> To do
Please restate, word for word, the lines below that begin at the one with "Long sleeve black top with detail" and end at the one with "Collage. Different types". Leave out all other lines.
───── Input
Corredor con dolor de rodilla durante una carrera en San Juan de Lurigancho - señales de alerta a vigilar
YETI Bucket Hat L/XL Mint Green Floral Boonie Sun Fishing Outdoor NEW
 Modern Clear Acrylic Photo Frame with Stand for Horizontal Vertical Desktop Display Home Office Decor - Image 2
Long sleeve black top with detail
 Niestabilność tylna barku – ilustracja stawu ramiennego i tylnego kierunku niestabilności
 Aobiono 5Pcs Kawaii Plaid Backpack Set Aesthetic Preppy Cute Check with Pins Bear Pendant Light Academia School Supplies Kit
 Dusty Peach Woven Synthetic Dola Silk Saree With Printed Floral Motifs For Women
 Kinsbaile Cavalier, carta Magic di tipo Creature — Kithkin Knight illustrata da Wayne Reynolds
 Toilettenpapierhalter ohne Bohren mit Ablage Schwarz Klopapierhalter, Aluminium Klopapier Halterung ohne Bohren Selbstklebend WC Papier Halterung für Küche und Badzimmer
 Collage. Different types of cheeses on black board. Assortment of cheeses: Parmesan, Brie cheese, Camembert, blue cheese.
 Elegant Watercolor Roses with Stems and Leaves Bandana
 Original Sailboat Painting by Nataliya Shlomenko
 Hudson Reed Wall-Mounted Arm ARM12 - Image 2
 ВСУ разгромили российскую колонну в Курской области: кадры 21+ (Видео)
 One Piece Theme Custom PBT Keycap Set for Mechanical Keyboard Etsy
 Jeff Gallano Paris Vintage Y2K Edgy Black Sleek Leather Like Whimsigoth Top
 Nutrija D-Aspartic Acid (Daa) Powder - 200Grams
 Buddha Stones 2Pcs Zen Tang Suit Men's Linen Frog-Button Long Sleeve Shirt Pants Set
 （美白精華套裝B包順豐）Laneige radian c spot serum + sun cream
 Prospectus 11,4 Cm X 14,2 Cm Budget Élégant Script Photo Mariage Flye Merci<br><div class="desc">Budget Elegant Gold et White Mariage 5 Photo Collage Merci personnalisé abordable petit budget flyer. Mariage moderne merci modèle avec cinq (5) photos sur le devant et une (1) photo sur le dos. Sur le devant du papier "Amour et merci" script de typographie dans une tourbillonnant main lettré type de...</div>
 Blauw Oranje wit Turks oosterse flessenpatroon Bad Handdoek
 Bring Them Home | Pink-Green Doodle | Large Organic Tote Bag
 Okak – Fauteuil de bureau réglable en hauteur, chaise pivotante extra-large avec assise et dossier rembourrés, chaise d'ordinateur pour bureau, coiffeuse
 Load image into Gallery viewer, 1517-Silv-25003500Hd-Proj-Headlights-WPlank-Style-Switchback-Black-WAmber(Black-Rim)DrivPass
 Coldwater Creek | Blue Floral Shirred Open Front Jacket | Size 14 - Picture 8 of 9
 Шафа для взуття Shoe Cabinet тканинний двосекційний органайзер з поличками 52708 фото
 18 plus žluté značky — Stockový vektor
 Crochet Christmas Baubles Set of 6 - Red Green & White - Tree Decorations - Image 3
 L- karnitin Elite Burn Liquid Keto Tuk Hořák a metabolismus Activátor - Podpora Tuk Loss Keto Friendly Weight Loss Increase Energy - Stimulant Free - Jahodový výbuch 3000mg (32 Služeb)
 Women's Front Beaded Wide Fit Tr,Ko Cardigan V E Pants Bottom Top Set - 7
──────────
> Written response
Long sleeve black top with detail
 Niestabilność tylna barku – ilustracja stawu ramiennego i tylnego kierunku niestabilności
 Aobiono 5Pcs Kawaii Plaid Backpack Set Aesthetic Preppy Cute Check with Pins Bear Pendant Light Academia School Supplies Kit
 Dusty Peach Woven Synthetic Dola Silk Saree With Printed Floral Motifs For Women
 Kinsbaile Cavalier, carta Magic di tipo Creature — Kithkin Knight illustrata da Wayne Reynolds
 Toilettenpapierhalter ohne Bohren mit Ablage Schwarz Klopapierhalter, Aluminium Klopapier Halterung ohne Bohren Selbstklebend WC Papier Halterung für Küche und Badzimmer
 Collage. Different types of cheeses on black board. Assortment of cheeses: Parmesan, Brie cheese, Camembert, blue cheese.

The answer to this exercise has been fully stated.